Au cas d'espèce, il résulte des mentions figurant au bon de commande selon lesquelles la société Eco sol s'engageait à réaliser les démarches administratives nécessaires à permettre l'acceptation au programme environnemental et que le contrat serait nul en cas de refus, que l'acceptation à ce programme environnemental était une caractéristique essentielle du contrat.

Dès lors que la société Eco sol mettait en exergue ce programme environnemental pour vendre sa prestation, il lui incombait de préciser à M. et Mme [H] en quoi consistait ce programme environnemental et les avantages financiers dont M. et Mme [H] pouvaient bénéficier en cas d'acceptation.

A défaut pour la société Eco sol d'établir qu'elle a donné cette information à M. et Mme [H], elle a commis une faute de nature à engager sa responsabilité.

M. et Mme [H] ont subi un préjudice de ce fait constitué d'une perte de chance de ne pas souscrire le contrat proposé et donc de ne pas payer la somme de 7 579 euros correspondant à la somme restant due, après déduction du montant initial de 14 000 euros, des sommes perçues au titre de primes et de réduction d'impôts à hauteur de 5921 euros et de la somme de 500 euros qui devait en tout état de cause rester à leur charge.

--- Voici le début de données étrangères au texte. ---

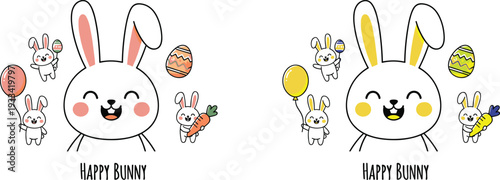 Two cartoon bunnies with easter eggs and spring flowers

Cette perte de chance pouvant être évaluée à 50%, la société Eco sol sera condamnée à payer à M. et Mme [H] la somme de 3 790 euros à titre de dommages et intérêts.

M. [S] étant mis en cause à titre de mandataire ad hoc de la société Eco sol et donc représentant à ce titre la société Eco sol, il n'y a pas lieu de le condamner à titre personnel au paiement de cette somme.

Sur les frais du procès

Le sens de l'arrêt conduit à infirmer le jugement sur la condamnation aux dépens, sauf en ce qu'elle condamne la société Eco sol aux dépens et sur celle au titre de l'article 700 du code de procédure civile.

En cause d'appel, la société Eco sol sera condamnée aux dépens et à payer à M. et Mme [H] la somme de 2 000 euros, au titre des frais irrépétibles.

Les autres demandes formées au titre de l'article 700 du code de procédure civile seront rejetées.

Le bénéfice des dispositions de l'article 699 du code de procédure civile sera accordé aux avocats en ayant fait la demande et pouvant y prétendre.

PAR CES MOTIFS

La cour,

Infirme le jugement en ses dispositions soumises à la cour sauf en ce qu'il :

Condamne la société Eco sol aux dépens et à verser à M. et Mme [H] une somme de 1 000 euros au titre de l'article 700 du code de procédure civile ;

Statuant à nouveau et y ajoutant :

Rejette les demandes de M. et Mme [H] de voir déclarer nuls les contrats conclus avec la société Eco sol et la société Domofinance le 1er juin 2015 ;

Rejette les demandes de M. et Mme [H] formées à l'encontre de la société Domofinance ;

Condamne la société Eco sol à payer à M. et Mme [H] la somme de 3 790 euros à titre de dommages et intérêts ;

Condamne la société Eco sol aux dépens d'appel ;

Admet les avocats qui en ont fait la demande et peuvent y prétendre au bénéfice des dispositions de l'article 699 du code de procédure civile ;

En application de l'article 700 du code de procédure civile, condamne la société Eco sol à payer à M. et Mme [H] la somme de 2 000 euros en cause d'appel et rejette toutes les autres demandes.